Raw data below:

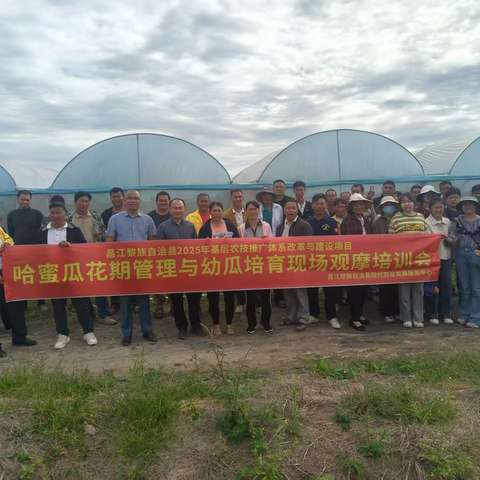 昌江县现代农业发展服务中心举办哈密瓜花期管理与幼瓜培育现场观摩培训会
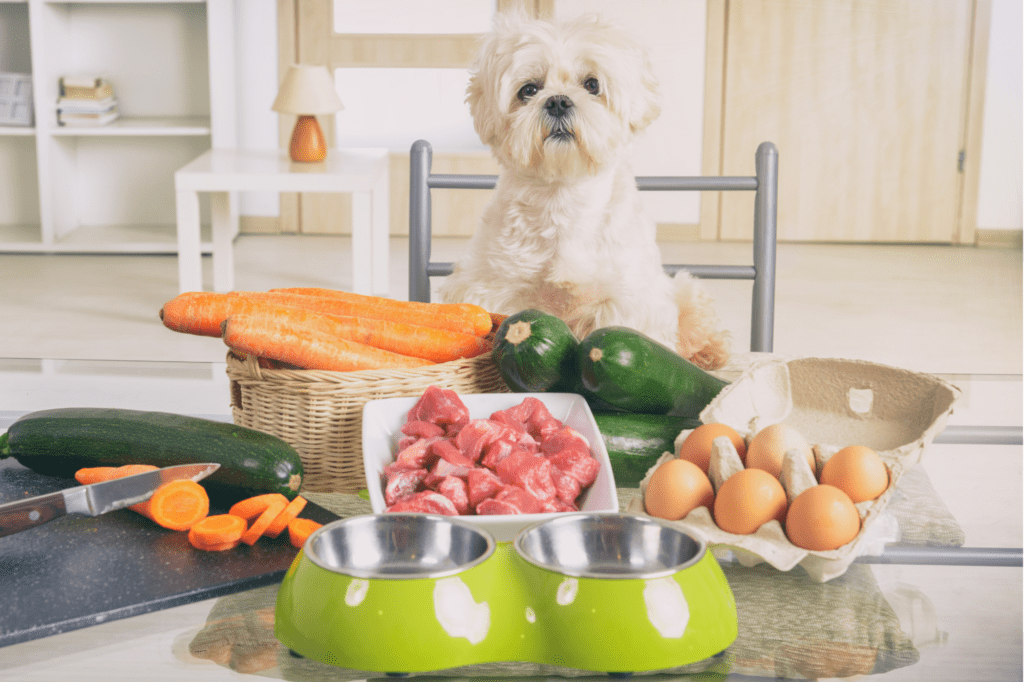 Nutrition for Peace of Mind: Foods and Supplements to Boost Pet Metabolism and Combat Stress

End of Raw data.
Raw data below:

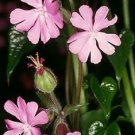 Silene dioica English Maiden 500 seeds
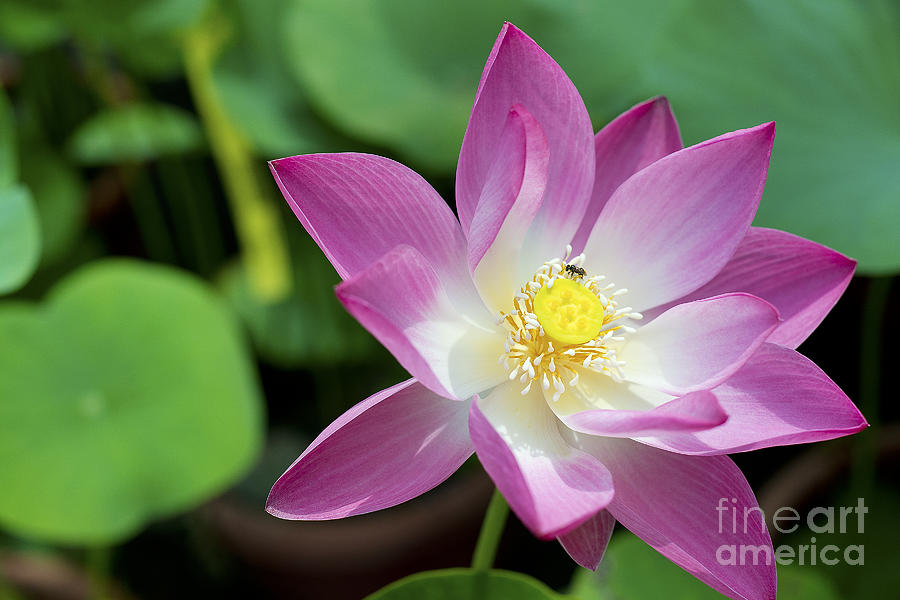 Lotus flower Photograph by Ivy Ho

End of Raw data.

### [Task to complete]
Using the data above, set down each line from the line with "Silene dioica English Maiden 500 seeds" to the line with "Lotus flower Photograph by Ivy Ho" exactly, both ends included, and leave the pictures behind. Nothing else belongs.

### [Exercise answer]
 Silene dioica English Maiden 500 seeds
 Lotus flower Photograph by Ivy Ho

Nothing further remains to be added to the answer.